Below are several records. Retype exactly those lines running from the one with "Froland sokneprestkontor, SAK/1111-0013/F/Fa/L0001: Parish" through the one with "Жар головокружение слабость.", end lines included, and no others.
▬▬▬▬▬▬
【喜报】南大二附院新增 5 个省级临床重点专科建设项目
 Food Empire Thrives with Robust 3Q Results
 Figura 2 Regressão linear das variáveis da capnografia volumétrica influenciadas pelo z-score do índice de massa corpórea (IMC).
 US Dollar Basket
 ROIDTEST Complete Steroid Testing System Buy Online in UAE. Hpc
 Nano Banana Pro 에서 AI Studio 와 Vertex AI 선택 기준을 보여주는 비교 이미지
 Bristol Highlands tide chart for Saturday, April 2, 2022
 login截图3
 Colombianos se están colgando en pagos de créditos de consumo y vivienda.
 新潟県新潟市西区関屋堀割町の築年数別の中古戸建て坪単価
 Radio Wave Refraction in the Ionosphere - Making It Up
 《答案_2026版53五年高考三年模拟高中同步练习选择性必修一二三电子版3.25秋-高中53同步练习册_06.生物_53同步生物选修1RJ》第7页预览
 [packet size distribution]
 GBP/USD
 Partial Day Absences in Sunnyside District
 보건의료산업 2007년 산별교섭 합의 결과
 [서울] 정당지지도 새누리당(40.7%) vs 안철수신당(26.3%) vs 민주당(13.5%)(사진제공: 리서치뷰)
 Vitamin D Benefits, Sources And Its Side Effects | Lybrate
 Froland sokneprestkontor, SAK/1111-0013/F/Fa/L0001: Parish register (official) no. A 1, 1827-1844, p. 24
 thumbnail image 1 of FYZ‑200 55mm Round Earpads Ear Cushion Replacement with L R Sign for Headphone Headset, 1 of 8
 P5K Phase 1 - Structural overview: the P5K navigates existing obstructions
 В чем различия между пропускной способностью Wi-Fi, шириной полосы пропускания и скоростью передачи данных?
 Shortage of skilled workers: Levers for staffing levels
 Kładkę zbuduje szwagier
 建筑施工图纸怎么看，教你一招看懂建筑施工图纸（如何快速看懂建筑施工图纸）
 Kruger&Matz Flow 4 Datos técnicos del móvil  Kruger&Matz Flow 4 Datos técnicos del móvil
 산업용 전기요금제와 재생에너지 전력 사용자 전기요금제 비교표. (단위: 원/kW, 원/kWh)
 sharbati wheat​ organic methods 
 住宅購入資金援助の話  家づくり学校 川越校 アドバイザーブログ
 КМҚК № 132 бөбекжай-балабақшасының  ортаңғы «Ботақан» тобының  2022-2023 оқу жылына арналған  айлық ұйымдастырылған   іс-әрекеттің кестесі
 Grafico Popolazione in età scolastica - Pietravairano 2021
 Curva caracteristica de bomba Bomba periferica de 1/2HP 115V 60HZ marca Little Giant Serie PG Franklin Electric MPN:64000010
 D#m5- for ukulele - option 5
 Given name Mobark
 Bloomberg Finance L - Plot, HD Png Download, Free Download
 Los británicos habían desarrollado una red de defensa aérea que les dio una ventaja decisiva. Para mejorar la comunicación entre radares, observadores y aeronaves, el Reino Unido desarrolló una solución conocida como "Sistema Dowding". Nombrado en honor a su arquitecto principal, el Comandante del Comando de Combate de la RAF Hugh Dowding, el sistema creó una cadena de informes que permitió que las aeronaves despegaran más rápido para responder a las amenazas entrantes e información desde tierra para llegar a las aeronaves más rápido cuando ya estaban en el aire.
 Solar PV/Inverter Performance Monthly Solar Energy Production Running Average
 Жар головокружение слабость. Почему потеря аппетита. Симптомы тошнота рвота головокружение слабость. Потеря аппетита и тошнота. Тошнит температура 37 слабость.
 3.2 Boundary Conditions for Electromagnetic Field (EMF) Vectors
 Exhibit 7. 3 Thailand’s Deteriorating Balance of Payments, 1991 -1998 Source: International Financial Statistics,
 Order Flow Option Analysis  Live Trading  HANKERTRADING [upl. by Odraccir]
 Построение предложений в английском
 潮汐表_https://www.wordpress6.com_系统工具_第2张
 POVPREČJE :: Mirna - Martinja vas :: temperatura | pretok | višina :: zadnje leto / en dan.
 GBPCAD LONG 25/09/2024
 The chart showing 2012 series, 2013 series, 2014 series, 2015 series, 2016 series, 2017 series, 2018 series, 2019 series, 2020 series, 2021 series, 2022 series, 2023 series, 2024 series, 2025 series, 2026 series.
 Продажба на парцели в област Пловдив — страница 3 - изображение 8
▬▬▬▬▬▬
» RESPONSE AREA
 Froland sokneprestkontor, SAK/1111-0013/F/Fa/L0001: Parish register (official) no. A 1, 1827-1844, p. 24
 thumbnail image 1 of FYZ‑200 55mm Round Earpads Ear Cushion Replacement with L R Sign for Headphone Headset, 1 of 8
 P5K Phase 1 - Structural overview: the P5K navigates existing obstructions
 В чем различия между пропускной способностью Wi-Fi, шириной полосы пропускания и скоростью передачи данных?
 Shortage of skilled workers: Levers for staffing levels
 Kładkę zbuduje szwagier
 建筑施工图纸怎么看，教你一招看懂建筑施工图纸（如何快速看懂建筑施工图纸）
 Kruger&Matz Flow 4 Datos técnicos del móvil  Kruger&Matz Flow 4 Datos técnicos del móvil
 산업용 전기요금제와 재생에너지 전력 사용자 전기요금제 비교표. (단위: 원/kW, 원/kWh)
 sharbati wheat​ organic methods 
 住宅購入資金援助の話  家づくり学校 川越校 アドバイザーブログ
 КМҚК № 132 бөбекжай-балабақшасының  ортаңғы «Ботақан» тобының  2022-2023 оқу жылына арналған  айлық ұйымдастырылған   іс-әрекеттің кестесі
 Grafico Popolazione in età scolastica - Pietravairano 2021
 Curva caracteristica de bomba Bomba periferica de 1/2HP 115V 60HZ marca Little Giant Serie PG Franklin Electric MPN:64000010
 D#m5- for ukulele - option 5
 Given name Mobark
 Bloomberg Finance L - Plot, HD Png Download, Free Download
 Los británicos habían desarrollado una red de defensa aérea que les dio una ventaja decisiva. Para mejorar la comunicación entre radares, observadores y aeronaves, el Reino Unido desarrolló una solución conocida como "Sistema Dowding". Nombrado en honor a su arquitecto principal, el Comandante del Comando de Combate de la RAF Hugh Dowding, el sistema creó una cadena de informes que permitió que las aeronaves despegaran más rápido para responder a las amenazas entrantes e información desde tierra para llegar a las aeronaves más rápido cuando ya estaban en el aire.
 Solar PV/Inverter Performance Monthly Solar Energy Production Running Average
 Жар головокружение слабость. Почему потеря аппетита. Симптомы тошнота рвота головокружение слабость. Потеря аппетита и тошнота. Тошнит температура 37 слабость.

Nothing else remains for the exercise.